Alberto Savinio is not an easy writer to tackle. First of all, it must be clarified that he was not just a writer, rather he should be treated as a true artist. He graduated from the conservatory and in May 1914, at the age of 23, he made his debut with a piano concert held at the premises of "Les Soirées De Paris" (a literary magazine founded by Apollinaire, Savinio's friend) with "Les Chants de la Mi-mort", a composition of distinctly avant-garde mold. Savinio was fully immersed in the environment of the Parisian avant-garde and was a full-fledged part of it, frequenting Max Jacob, Apollinaire, Cocteau, and other exponents of the movement. His musical debut is important because with the title "Les Chants de la Mi-mort" he also opens the first section of the "Hermaphrodito", thus giving it a sense of strong experimentalism and an altogether original and exotic taste.

But our author, besides being a musician and writer, was also a painter, particularly from the mid-twenties; and then also a music critic, film critic, and essayist. And here emerges the great difficulty in grasping his profile. Savinio was many things and it is possible to approach his figure from many, perhaps too many, points of view which also seem to collide with each other. For this reason, a quick glance at his works is not enough, a first judgment is not sufficient and a first impression cannot satisfy. Ideas and opinions need to be allowed to settle; it is necessary to set them aside and then take them up again to better understand many facets that initially escape; to grasp the small signals that make his work much more cohesive and coherent than it appears.

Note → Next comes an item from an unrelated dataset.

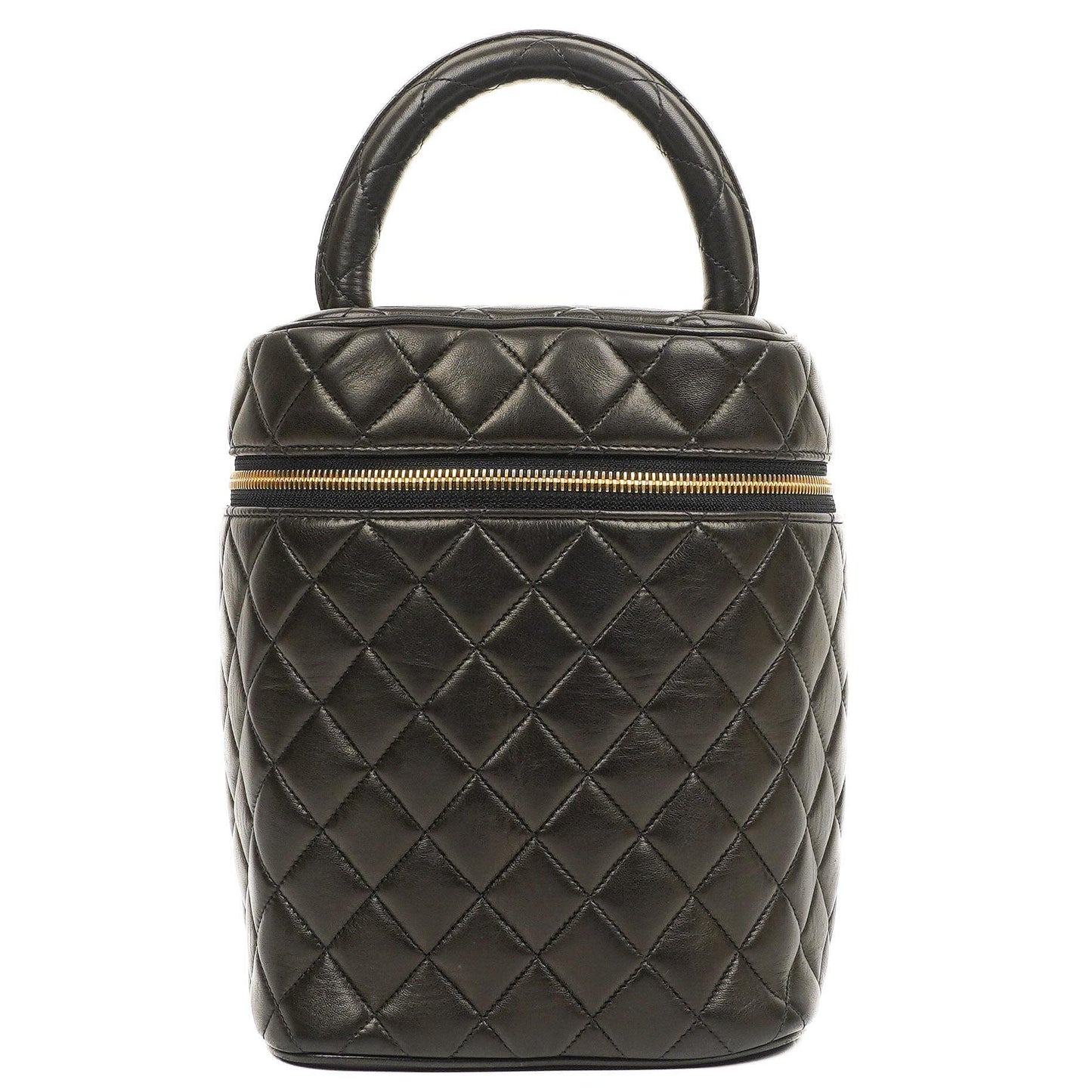 Chanel Dark Brown Quilted Leather Vanity Case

Another element linked to his multiplicity is inherent to his identity: Alberto Savinio is a pseudonym. His registered name is Andrea Francesco Alberto de Chirico, the younger brother of the famous Giorgio de Chirico. Also due to the overwhelming figure of his brother, Alberto wanted to create a fictitious identity, but his persona does not stop at two manifestations of himself, as indeed during his (literary) existence he was also Nivasio Dolcemare, Mr. Dido, Mr. Münster, and others. Thus we are dealing with a true poetic program; it's not just a matter of existential self-assertion. The multiplicity of Savinio must be read on several different levels: artistic, personal, poetic, and existential.

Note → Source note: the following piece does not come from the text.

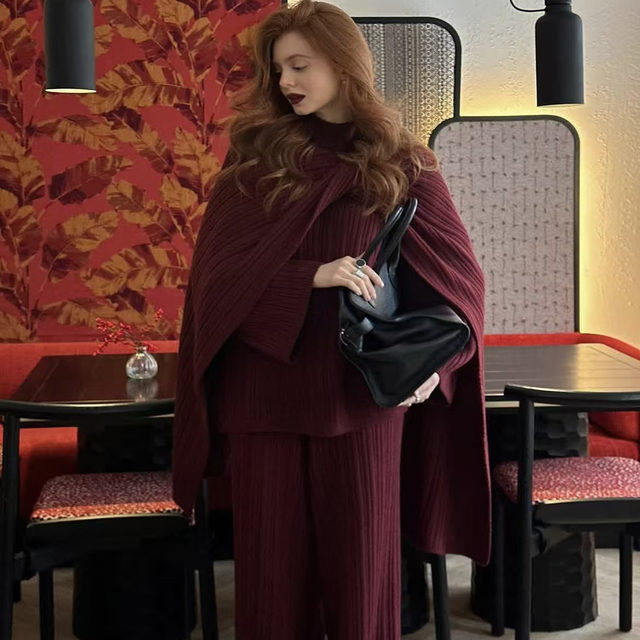 European and American Style New Fashion Shawl Knit Sweater Casual Pants Set Knitted Three Piece Set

"Hermaphrodito", the author's first book publication, is an exact manifestation of this polyhedral, schizophrenic, and eclectic drive: it is a collection of texts that are difficult to categorize given the heterogeneity offered by the author. Perhaps only the label of pastiche can somehow be adequate. Here, properly narrative writings alternate with more expressionistic and vivid ones; we find different languages (Italian, French, Greek, and Latin), often also within the same text; the section of "Chants", as the subtitle states, is a collection of scenes taken from a drama called "Risorgimento", perhaps an unfinished project or perhaps a simple narrative device used by Savinio to embellish his "strange collection". The second section takes its name from the title of the work and contains within itself the "Canti della mezza morte", a continuation of the "Chants". In the subtitle "Microscopio-Telescopio" there is no lack of a reference to Voltaire and relativism, another cue to understand Savinio's cultural horizon. And then, still in the second part, we find the true corpus of the work, composed of the most disparate episodes.

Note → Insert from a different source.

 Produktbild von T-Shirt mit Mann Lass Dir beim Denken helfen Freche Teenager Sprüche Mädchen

The reading of the different "stories" can be metaphorically described as a visit to a museum or as an exploration journey through Savinio's universe. It ranges from a very peculiar "city song about Ferrara" with "Frara città del Worbas" to anti-clerical reflections with "Il papa in guerra". It jumps from an eulogy of the figure of Mazzini in "Epoca Risorgimento" to an interventionist apostrophe with "La Guerra", and finally describes at the end of the work the sufferings, moments of joy, and the overall experience, lived firsthand, of the First World War with "Partenza - Ferrara", "Isabella Hasson" (where the figures of the ballerina and the city of Thessaloniki overlap), and "La Partenza dell'Argonauta", a true short novel in four chapters plus an epilogue.

The reference to Greek mythology is a constitutive part of Savinio's poetics, being born in Athens he will always feel this dual nature as his own; and it is with this key of reading that we can understand the otherwise incomprehensible "Dio-routalibera", a true avant-garde writing exercise almost without comparisons in our literary landscape. But the oddities do not end here, we also find a small prosimetrum, "La Festa Muratoria", and stories centered on ironic language games like "Il Rocchetto di Venere". In summary: Savinio is Mazzinian (patriot but Europeanist), Greek but also a bit French, interventionist, atheist, avant-garde, narrator and "writer of images", autobiographical (in all writings there is an autobiographical basis), metaphorical and ironic.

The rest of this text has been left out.